* WHAT IS REQUIRED:
Write out the records again exactly and exclude the pictures.

****************

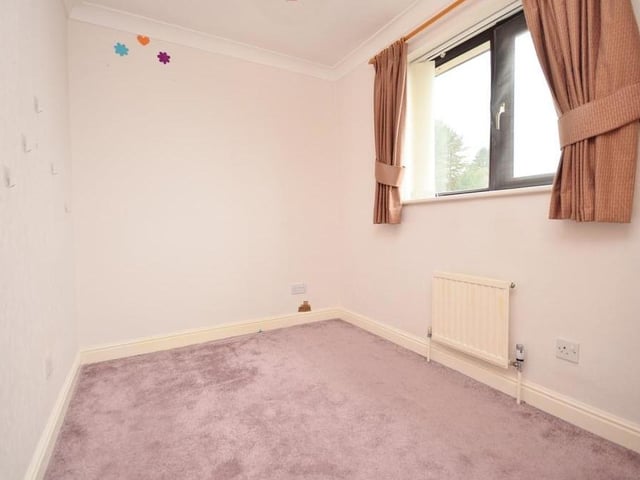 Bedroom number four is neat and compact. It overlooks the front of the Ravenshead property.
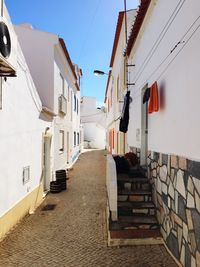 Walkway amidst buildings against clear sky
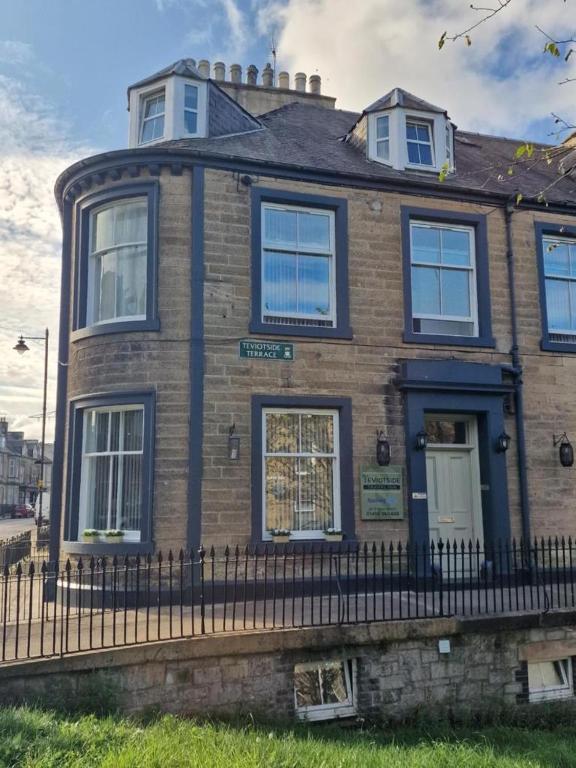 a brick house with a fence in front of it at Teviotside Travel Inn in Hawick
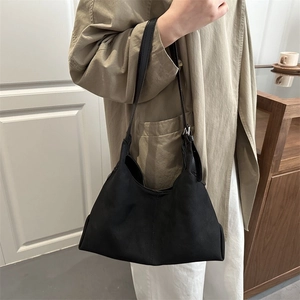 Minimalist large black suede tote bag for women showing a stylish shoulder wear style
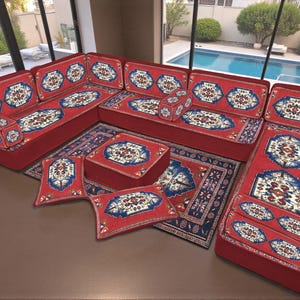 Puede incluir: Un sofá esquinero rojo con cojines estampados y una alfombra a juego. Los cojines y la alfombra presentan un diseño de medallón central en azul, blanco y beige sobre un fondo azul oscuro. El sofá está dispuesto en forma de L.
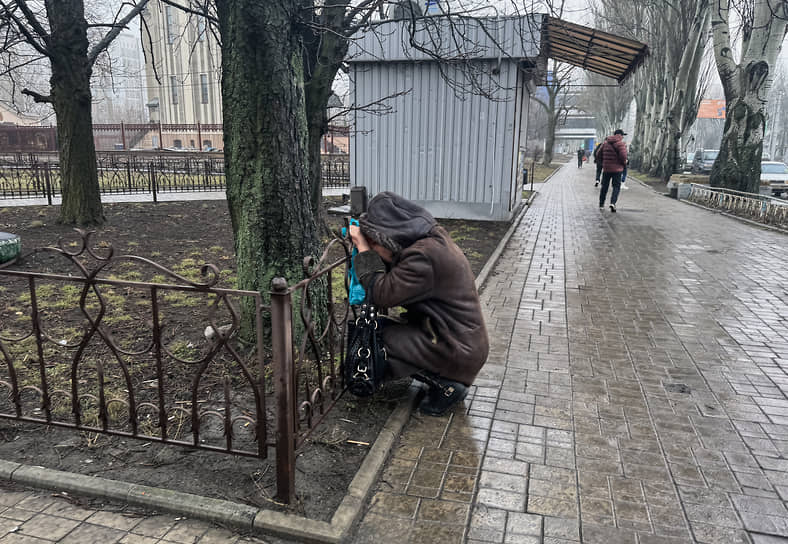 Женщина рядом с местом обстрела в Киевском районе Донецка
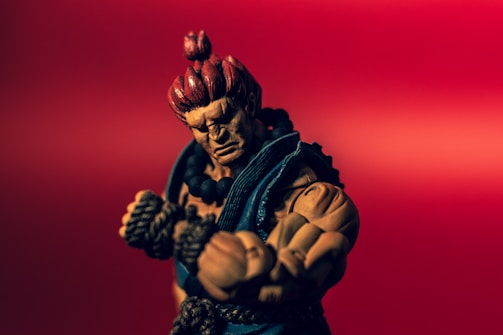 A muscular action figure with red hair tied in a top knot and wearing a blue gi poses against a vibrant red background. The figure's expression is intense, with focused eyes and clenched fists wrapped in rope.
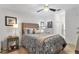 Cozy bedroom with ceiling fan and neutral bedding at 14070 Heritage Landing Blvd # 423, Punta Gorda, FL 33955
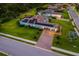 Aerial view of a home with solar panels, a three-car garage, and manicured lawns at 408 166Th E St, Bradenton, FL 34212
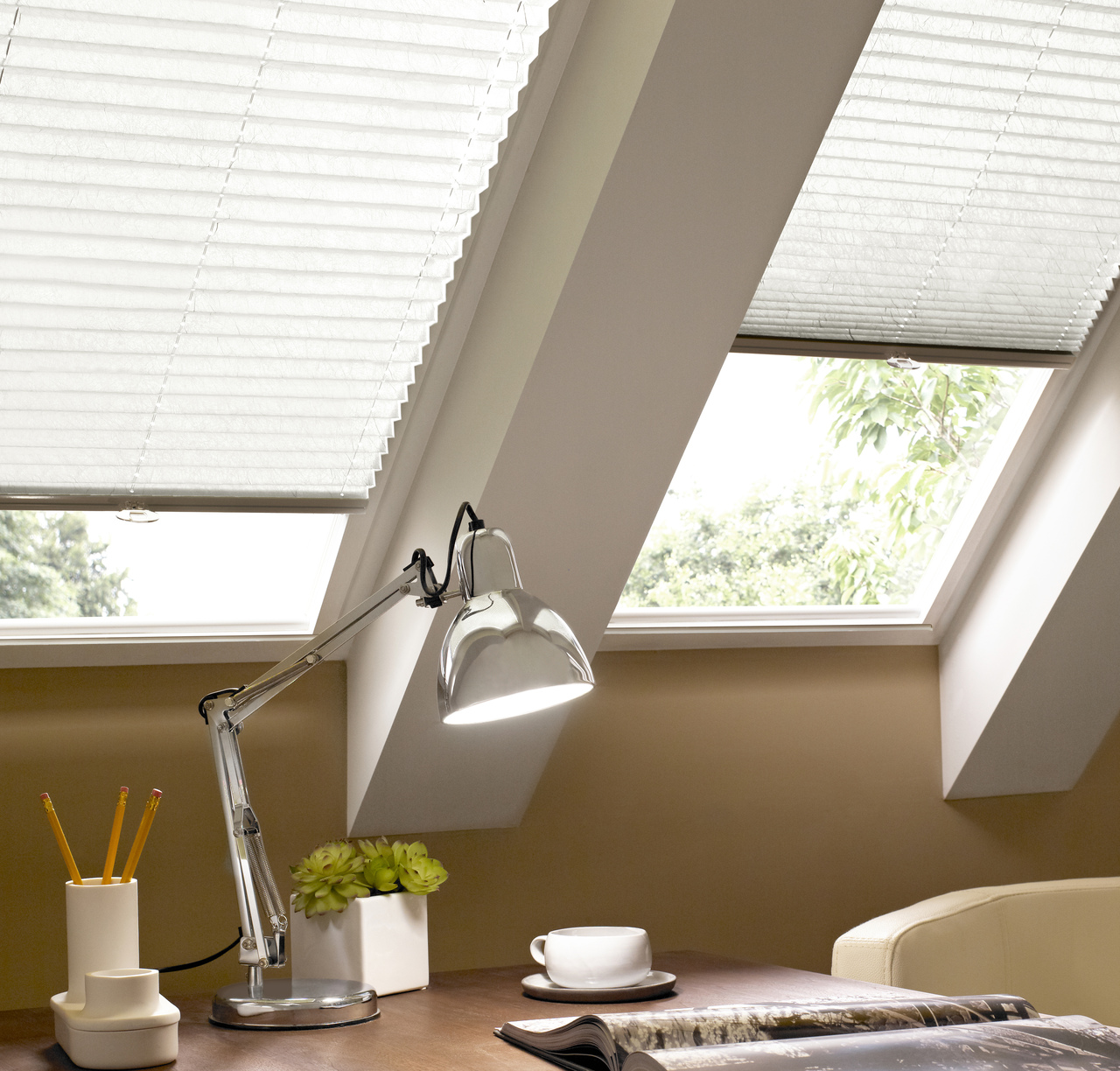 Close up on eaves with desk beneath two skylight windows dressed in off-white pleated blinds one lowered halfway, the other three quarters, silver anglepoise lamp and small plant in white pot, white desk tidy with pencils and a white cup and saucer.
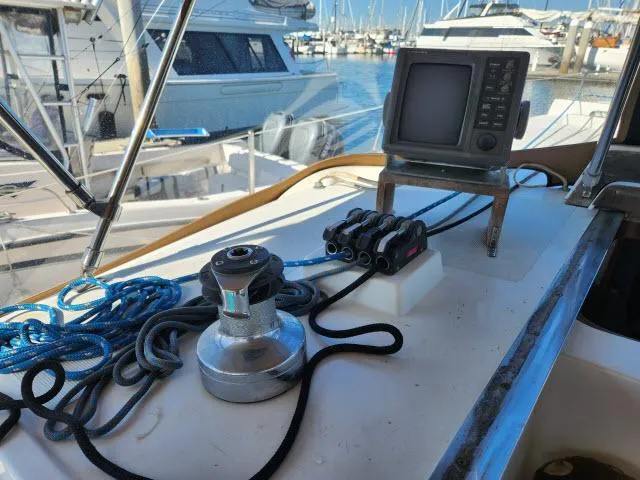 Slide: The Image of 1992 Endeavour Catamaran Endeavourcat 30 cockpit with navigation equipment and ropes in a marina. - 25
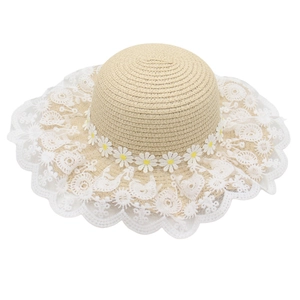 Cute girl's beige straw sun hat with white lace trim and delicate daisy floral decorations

****************

* ANSWER SECTION:
 Bedroom number four is neat and compact. It overlooks the front of the Ravenshead property.
 Walkway amidst buildings against clear sky
 a brick house with a fence in front of it at Teviotside Travel Inn in Hawick
 Minimalist large black suede tote bag for women showing a stylish shoulder wear style
 Puede incluir: Un sofá esquinero rojo con cojines estampados y una alfombra a juego. Los cojines y la alfombra presentan un diseño de medallón central en azul, blanco y beige sobre un fondo azul oscuro. El sofá está dispuesto en forma de L.
 Женщина рядом с местом обстрела в Киевском районе Донецка
 A muscular action figure with red hair tied in a top knot and wearing a blue gi poses against a vibrant red background. The figure's expression is intense, with focused eyes and clenched fists wrapped in rope.
 Cozy bedroom with ceiling fan and neutral bedding at 14070 Heritage Landing Blvd # 423, Punta Gorda, FL 33955
 Aerial view of a home with solar panels, a three-car garage, and manicured lawns at 408 166Th E St, Bradenton, FL 34212
 Close up on eaves with desk beneath two skylight windows dressed in off-white pleated blinds one lowered halfway, the other three quarters, silver anglepoise lamp and small plant in white pot, white desk tidy with pencils and a white cup and saucer.
 Slide: The Image of 1992 Endeavour Catamaran Endeavourcat 30 cockpit with navigation equipment and ropes in a marina. - 25
 Cute girl's beige straw sun hat with white lace trim and delicate daisy floral decorations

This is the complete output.